Specifically – for the first quarter, while Nine’s Metro Free To Air business achieved a leading revenue share of 39.8%, the market was down by 6.4% on last year…pretty much in line with the overall ad market. Early signs of an improvement in Q2, given a broadly flat September, have unfortunately dissipated in recent weeks. The FTA market in the second quarter looks like being down by at least as much as Q1 – we now expect the market to decline by mid-single digits across the full financial year. We remain confident about share gain through the second half on the back of our audience performance earlier this calendar year, and will be working hard to soften the impact of the weak start to the year. FTA costs are now expected to be 2.5% higher as opposed to the 4% we guided to earlier in the year.

Radio has experienced similarly soft market conditions in the current half exacerbated for Macquarie by the advertiser boycott around the Alan Jones’ program on 2GB. We are confident that full ownership by Nine from November will underpin improved performance, both in terms of reduced costs and the potential for incremental revenue on a medium-term basis. Integration work is well progressed and we are now operating under a new consolidated structure.

There are clear green shoots in the housing market in Australia, in terms of data points like house prices and auction clearance rates.

However, as Domain highlighted at its AGM yesterday, trading in FY20 to date remains challenging, albeit with some improvement on the trends experienced in Q4 FY19. The Group continues to selectively invest in growth initiatives, supported by ongoing cost discipline.

In Digital and Publishing, revenue momentum has built into Q2 across both 9Now and Digital advertising, with improving results from display and short form video in accordance with our strategy.

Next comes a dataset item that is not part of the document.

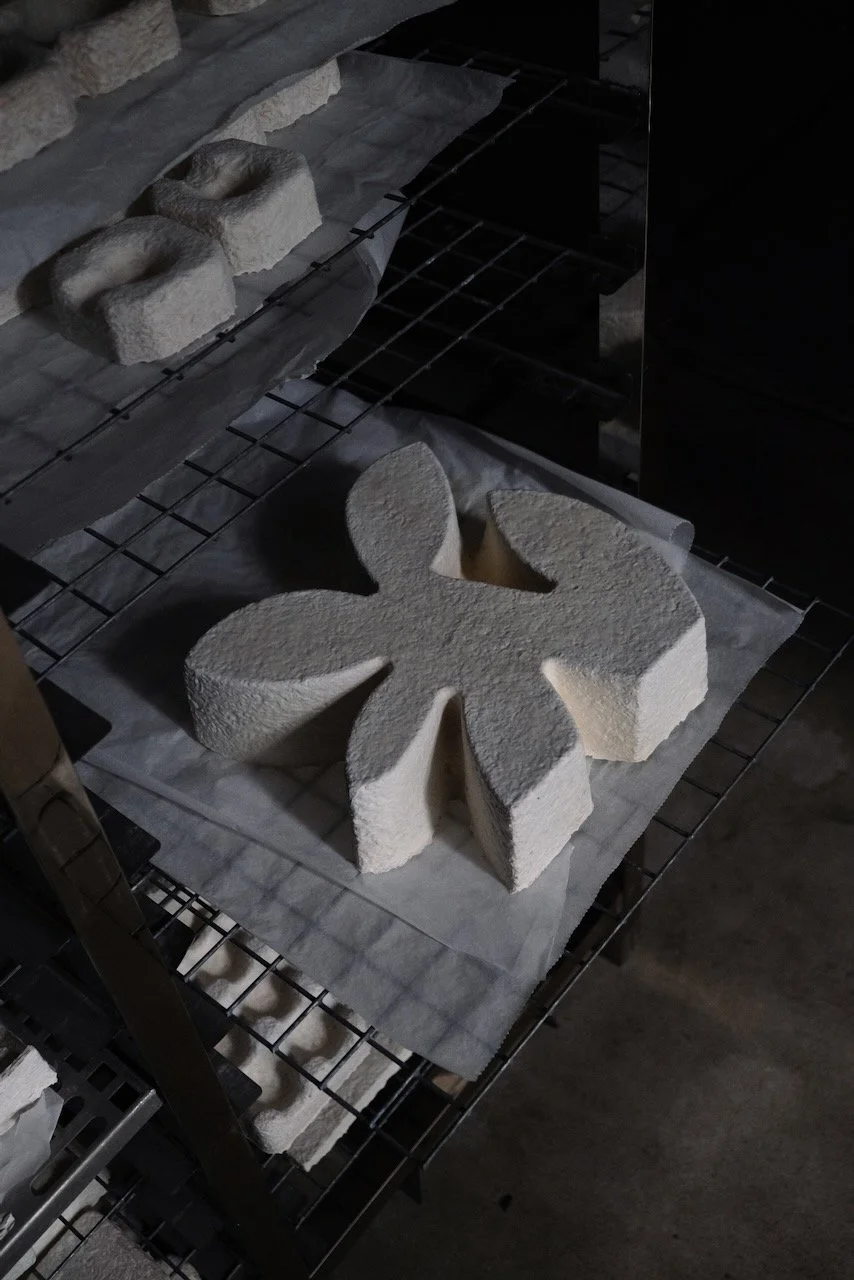 Mycelium Art Sculpture Samu Studio - 1 of 18.jpeg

The BVOD market grew by 34% in the September quarter and 9Now’s share remains just below 50%. And in Metro Media, we have continued to gain share across both print and digital mast-heads and further benefited from merger synergies.

In Stan, subscriber momentum has continued through the current period and the business is performing ahead of expectations on all metrics, including profitability and cashflow. Stan has an increasingly entrenched market position and will continue to grow as both international content supply, and consumer demand for that content expand further.

There was always going to be a shift in earnings contribution in this financial year due to timing issues, particularly the one-off costs in the TV business – however, the current advertising market conditions will mean that our first half result is now expected to be approx. 10% down on pcp.

Notwithstanding, with the expectation of growth in linear FTA share, further growth in 9Now and Stan, a pick-up in activity at Domain and early synergies from Macquarie Radio, we are expecting this shortfall to be more than made up in the second half.

For the full year therefore, premised on a Metro FTA market down mid-single digits, we are now expecting to report low single digit growth in FY20 Pro Forma Group EBITDA, pre the impact of AASB16. And for the result to be more weighted to our non-broadcast assets, consistent with our longer term strategy.